The Battle of the Somme

Era: Twentieth century
Year: 1916
Campaign: The Somme Offensive
Conflict: World War I
Country: France
Region: The River Somme, Picardy, France
Combatants: Britain, France and Germany (others took part but these three were the main powers)
Commander(s): Allies side: (British) General (later Field Marshal) Douglas Haig, General Henry Rawlinson, General Sir Hubert de Poer Gough (French) Marshall Joseph Jaques Joffre, General Ferdinand Foch, General Joseph Alfred Micheler.
German side: Crown Prince Rupprecht of Bavaria, General Max von Gallwitz, General Fritz von Below
Reason: Britain and France were at war against Germany, and had been for two years at this point
Objective: Originally to push the Germans out of Belgium, where their U-Boat fleets were harrying Allied shipping, but after the Verdun offensive the Somme became more a battle of attrition to relieve pressure on the French forces (see full text for more)
Casualties* (approx): Allied total: 620,000 German: 434,000 - 600,000 (varies)
Objective Achieved? No
Victor: Neither

* Casualties refers to both those killed and those wounded

Note before we begin: Oh, seriously? Within the command structure for the battle we had a JJJ (Get me an interview with Spiderman!), a German general called Foch and another called von Below? You have to laugh, don’t you? Over a million dead did not...

By December 1915, Field Marshal (then General)l Sir Douglas Haig had been placed in charge as Commander-in-Chief of the British Expeditionary Forces (BEF) and with the French commander, Joseph Joffre, had agreed to mount a combined offensive at the River Somme. The Germans, however, threw a spanner in the Allied works by attacking Verdun a week later, forcing the French to commit most of their forces to that battle, leaving the British basically facing the Germans at the Somme on their own. The idea of the attack at Verdun was to defeat the French by exhausting and demoralising them, thereby leaving the British as easy pickings, and bringing the war to an end.

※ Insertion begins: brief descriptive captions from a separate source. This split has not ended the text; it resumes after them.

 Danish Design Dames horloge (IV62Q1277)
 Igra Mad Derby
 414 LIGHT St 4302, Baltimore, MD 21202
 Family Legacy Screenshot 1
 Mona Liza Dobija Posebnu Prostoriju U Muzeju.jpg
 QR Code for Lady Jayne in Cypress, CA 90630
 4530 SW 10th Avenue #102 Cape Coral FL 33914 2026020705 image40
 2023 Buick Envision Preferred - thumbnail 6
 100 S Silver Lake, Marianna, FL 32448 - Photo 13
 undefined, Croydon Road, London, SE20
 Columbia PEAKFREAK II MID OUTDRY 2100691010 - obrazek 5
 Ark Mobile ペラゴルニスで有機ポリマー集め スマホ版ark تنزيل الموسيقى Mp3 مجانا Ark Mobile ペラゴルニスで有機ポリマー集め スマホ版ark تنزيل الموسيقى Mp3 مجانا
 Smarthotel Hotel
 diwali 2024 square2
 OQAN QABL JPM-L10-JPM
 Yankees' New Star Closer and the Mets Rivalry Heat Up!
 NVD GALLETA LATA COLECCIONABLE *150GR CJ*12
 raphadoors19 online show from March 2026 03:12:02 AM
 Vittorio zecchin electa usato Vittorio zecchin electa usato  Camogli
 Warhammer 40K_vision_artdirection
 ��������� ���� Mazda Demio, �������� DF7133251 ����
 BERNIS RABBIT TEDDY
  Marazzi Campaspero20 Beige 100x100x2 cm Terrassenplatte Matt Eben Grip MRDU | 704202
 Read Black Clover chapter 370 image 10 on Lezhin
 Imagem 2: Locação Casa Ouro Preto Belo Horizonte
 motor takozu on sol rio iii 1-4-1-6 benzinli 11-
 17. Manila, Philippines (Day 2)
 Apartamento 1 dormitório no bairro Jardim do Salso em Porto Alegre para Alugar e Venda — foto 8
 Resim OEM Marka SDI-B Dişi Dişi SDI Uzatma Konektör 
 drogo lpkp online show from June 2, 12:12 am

Unfortunately for the Germans, as Hitler would discover twenty-five years later, battles don’t always go to plan, and just as would be the case at Stalingrad, the German commander overreached himself and by doing so depleted his reserves for the Somme, leaving them fighting a desperate rearguard action.

Unbelievably, the night before the battle began General Rawlinson telephoned the troops to wish them good luck; this message was intercepted by the Germans, who then knew an attack was imminent! Prior to the infantry offensive, the British and French had spent seven days shelling the German positions, the intent being to wipe out most if not all resistance, leaving their infantry nothing more than a mopping-up campaign, hence the infamous “walk, don’t run towards the enemy” instruction which cost so many British soldiers their lives when they realised that the enemy was not so badly defeated. Hardly at all, in fact: the artillery the Allies had used was not powerful enough to penetrate the German trenches, many of the shells failed even to explode and the barbed wire marking the border of their territory was not, as originally envisioned and intended, destroyed but mostly left in place. Once the shelling stopped, the Germans came out of their entrenchments and manned their machine guns, cutting down the advancing troops.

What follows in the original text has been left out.